Kanlı 1 Mayıs’ta hafızasından silinmeyen bir görüntüyü de aktaran Mesci, o karmaşada büyük bir Dev-Gençli kitlesinin alandan kaçmadığını aktardı. Mesci, “Anıtın etrafında ve Intercontinental’in önündeki alanda binlerce genç yere yatmış, ellerini birbirine kenetlemiş, ‘Mahir, Hüseyin, Ulaş kurtuluşa kadar savaş’ sloganları atıyorlardı” dedi. Kanlı 1 Mayıs olarak tarihe geçen 1977 1 Mayısı'nda çoğu Kazancı Yokuşu’nda izdiham nedeniyle boğularak ve kurşunlanarak 34 kişinin hayatını kaybettiğini hatırlatan Mesci, “Birçok arkadaşımız Kazancı Yokuşu’nda park edilen bir araç nedeniyle yaşanan izdiham yüzünden insan yığının altında kalarak can verdi” diye konuştu.

‘NE 12 EYLÜL’ÜN NE DE KANLI 1 MAYIS’IN HESABI VERİLDİ’

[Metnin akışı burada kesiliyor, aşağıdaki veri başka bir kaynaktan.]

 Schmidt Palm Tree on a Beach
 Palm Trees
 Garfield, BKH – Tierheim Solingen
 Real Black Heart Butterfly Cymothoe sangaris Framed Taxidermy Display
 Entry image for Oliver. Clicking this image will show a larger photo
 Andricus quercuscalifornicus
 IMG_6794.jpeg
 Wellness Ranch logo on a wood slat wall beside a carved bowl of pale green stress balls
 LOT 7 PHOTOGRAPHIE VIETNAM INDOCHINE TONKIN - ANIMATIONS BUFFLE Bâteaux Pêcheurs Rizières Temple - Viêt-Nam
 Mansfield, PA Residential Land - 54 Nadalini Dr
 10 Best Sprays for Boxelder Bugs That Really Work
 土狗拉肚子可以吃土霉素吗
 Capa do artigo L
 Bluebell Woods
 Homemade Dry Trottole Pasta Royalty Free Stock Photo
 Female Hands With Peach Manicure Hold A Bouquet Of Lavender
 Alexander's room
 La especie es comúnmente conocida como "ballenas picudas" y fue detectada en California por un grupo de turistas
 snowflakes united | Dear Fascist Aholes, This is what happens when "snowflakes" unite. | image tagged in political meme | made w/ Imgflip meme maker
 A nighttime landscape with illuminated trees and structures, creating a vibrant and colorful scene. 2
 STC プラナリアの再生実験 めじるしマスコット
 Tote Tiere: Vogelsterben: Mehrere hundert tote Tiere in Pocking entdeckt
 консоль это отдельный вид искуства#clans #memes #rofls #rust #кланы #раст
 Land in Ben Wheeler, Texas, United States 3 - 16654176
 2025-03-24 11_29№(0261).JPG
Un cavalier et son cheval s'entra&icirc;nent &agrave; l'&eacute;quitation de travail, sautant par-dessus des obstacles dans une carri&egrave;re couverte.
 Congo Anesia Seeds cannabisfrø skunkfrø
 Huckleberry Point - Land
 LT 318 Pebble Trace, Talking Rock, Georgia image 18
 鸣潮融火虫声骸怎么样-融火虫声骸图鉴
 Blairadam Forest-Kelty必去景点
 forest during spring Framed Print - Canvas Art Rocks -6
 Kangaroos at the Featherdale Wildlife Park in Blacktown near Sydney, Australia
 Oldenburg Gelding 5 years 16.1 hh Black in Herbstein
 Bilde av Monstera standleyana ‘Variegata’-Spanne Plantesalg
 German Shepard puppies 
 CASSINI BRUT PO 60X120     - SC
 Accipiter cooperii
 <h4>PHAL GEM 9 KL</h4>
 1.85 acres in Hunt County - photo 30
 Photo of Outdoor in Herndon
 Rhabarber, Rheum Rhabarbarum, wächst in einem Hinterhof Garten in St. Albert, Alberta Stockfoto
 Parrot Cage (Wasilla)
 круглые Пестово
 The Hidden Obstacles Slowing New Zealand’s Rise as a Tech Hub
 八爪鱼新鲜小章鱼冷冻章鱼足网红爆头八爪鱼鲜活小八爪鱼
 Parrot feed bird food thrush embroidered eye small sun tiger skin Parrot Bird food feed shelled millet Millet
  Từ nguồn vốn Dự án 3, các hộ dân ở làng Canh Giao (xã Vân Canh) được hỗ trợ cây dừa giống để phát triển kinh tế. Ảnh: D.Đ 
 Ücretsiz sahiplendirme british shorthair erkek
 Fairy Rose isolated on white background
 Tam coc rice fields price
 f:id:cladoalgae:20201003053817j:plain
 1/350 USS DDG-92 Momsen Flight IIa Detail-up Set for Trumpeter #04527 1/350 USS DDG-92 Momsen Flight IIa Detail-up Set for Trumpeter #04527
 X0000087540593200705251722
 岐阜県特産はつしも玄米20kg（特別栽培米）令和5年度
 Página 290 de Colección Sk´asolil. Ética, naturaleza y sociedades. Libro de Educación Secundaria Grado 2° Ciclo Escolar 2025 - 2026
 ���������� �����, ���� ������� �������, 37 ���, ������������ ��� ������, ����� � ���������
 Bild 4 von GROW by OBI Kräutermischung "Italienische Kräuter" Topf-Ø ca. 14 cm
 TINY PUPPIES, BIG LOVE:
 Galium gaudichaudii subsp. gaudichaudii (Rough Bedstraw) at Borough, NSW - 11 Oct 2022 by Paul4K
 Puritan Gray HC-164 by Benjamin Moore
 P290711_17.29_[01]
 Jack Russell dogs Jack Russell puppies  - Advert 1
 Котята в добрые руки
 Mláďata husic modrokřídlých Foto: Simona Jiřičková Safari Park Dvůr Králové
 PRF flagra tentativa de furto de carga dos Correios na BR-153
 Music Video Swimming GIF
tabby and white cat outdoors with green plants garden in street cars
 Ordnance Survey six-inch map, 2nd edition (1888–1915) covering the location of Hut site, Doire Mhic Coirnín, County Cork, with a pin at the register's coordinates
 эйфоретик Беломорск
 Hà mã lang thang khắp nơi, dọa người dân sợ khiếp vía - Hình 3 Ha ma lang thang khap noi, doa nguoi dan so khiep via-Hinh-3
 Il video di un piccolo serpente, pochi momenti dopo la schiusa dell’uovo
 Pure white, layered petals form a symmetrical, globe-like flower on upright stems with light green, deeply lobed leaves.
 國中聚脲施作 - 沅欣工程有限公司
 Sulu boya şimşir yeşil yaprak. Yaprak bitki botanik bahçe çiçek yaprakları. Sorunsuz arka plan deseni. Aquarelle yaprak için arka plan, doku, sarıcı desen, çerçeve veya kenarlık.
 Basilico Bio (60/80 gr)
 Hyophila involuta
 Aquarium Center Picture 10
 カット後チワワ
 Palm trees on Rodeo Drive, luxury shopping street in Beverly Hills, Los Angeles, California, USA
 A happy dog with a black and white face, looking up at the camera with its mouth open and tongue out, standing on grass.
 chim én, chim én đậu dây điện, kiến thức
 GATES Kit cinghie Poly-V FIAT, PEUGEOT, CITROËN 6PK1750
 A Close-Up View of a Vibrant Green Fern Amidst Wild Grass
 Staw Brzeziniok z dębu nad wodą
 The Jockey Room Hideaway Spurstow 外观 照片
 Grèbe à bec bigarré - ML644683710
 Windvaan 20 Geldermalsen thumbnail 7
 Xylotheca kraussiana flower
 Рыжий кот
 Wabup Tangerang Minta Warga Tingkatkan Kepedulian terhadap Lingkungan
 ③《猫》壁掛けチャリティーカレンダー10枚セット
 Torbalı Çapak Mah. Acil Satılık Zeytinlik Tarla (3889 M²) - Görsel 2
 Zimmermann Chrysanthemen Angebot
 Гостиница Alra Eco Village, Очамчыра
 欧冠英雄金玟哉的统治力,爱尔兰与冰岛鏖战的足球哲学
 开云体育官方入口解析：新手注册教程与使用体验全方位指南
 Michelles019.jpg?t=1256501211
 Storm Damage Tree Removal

Tüm dünyada barış içinde ve coşkuyla kutlanan 1 Mayıs İşçi Bayramı’nın Türkiye’de yasakların gölgesinde karşılandığını hatırlatan Mesci, 1 Mayıs’ın büyük mücadeleler sonucunda kazanılmış bir hak olduğunu vurguladı. Katliamın failleri yargılanmadığı gibi, Taksim’de hayatını kaybeden onlarca can anısına yapılmak istenilen kutlamaların da engellendiğini vurgulayan Ayşe Emel Mesci, “1 Mayıs 1977 tarihimize kanlı bayram olarak girdi ve o günden bugüne akan kandan kurtulamadık. Bu katliam hiç silinmeyen izler bırakmıştır ve hesap sorulamadığı için de bu izler giderek derinleşiyor. Zaten 77 1 Mayıs katliamı daha büyük kıyımlara meydan verecek olan 12 Eylül’ün işaret fişeğiydi. Ne 12 Eylül’ün ne de kanlı 1 Mayıs’ın hesabı verildi” dedi.